It is not uncommon that after a long day mediating a dispute, the parties finally come to a resolution. It is also not uncommon that the parties’ Memorandum of Settlement expressly provides that the same mediator resolve any lingering issues to finalize the parties’ settlement. A very interesting decision from the Maine Supreme Court illustrates the risks presented by this provision and the unintended consequences when the parties rely upon the mediator to not only forge the settlement, but thereafter, to interpret and to enforce the settlement agreement.
In Eastwick v. Cate St. Capital, Inc. 2017 ME 206 (ME 2017), the parties had submitted their dispute to mediation and had reached a settlement. The parties signed a Memorandum of Settlement at the end of the mediation session, which required: “Any disputes that may arise during the drafting and execution of the settlement shall be submitted to [the same individual who conducted the mediation] for review and resolution.” The terms seemed clear when the Agreement was drafted and made sense to the parties’ when they signed it because after a long day spent speaking with their mediator, the parties grew to trust and to rely upon the mediator.

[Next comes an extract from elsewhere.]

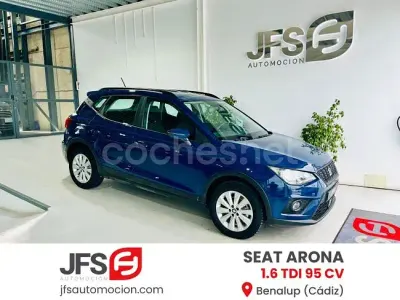 Usado Seat Arona Reference 95 CV (69 kW) 2018 Azul SUV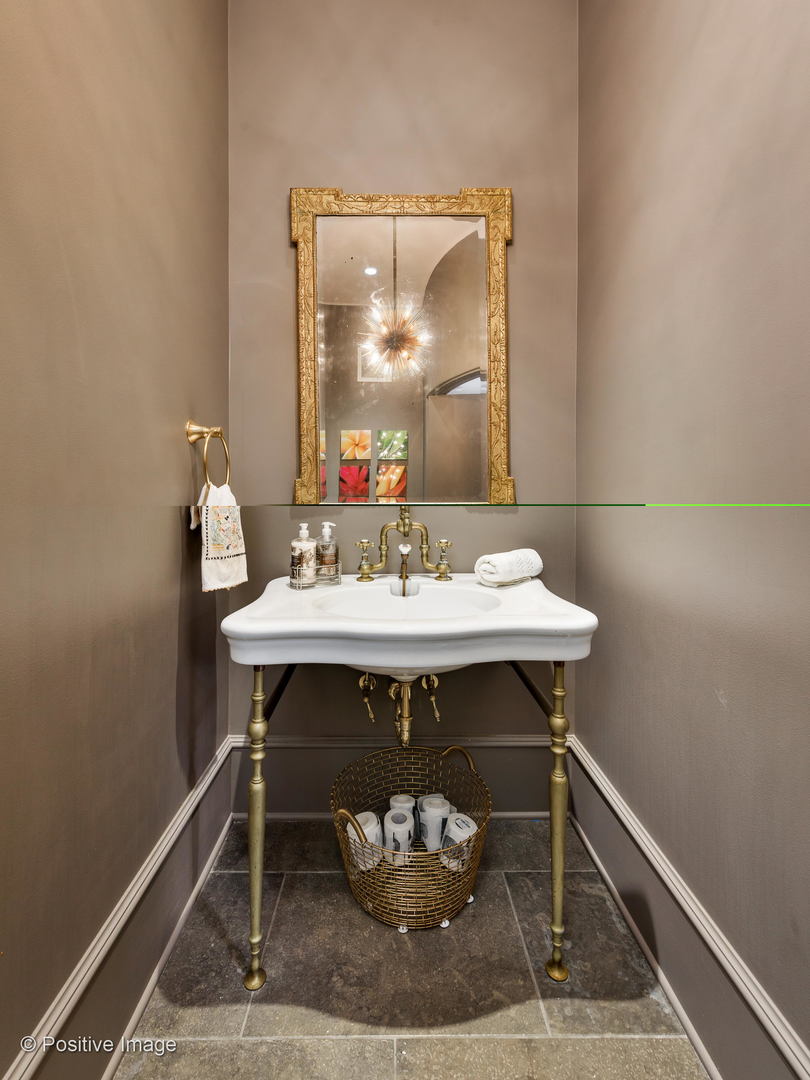 939 Cleveland Road Hinsdale, IL 60521 - Photo 35 of 84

Unfortunately for the parties the matter did not end here. The parties could not agree on the language of the settlement documents and thus returned to the mediator for “review and resolution.” One party submitted a proposed order to the mediator, which after hearing the parties, was signed by the mediator. One party filed the signed Order in court and sought to confirm the Order as an Arbitration Award. The opposing party filed a countervailing Motion to Vacate arguing that the parties did not agree to arbitrate. The trial court granted the Motion to Confirm and denied the Motion to Vacate.
In a well-reasoned decision, the Maine Supreme Court held that the clear intent of the parties was to submit disputes arising after the “settled” matter to the individual who mediated the case. Quoting from the rules of the American Arbitration Association, the Supreme Court defined arbitration as a “voluntary submission of a dispute to a disinterested person or persons for final and binding determination” and held the words “arbitration” or “arbitrate” are not expressly required to conclude that the parties intended to arbitrate a dispute. Thus what started out as a private mediation resulted in a public decision affirming an Arbitration Award.
The lesson to be learned is that if the parties agree to have a mediator resolve any issues arising from their agreed upon settlement, according to the Maine Supreme Court, such a referral back to the mediator for a final decision converts the mediation to an arbitration and all the rights attached thereto.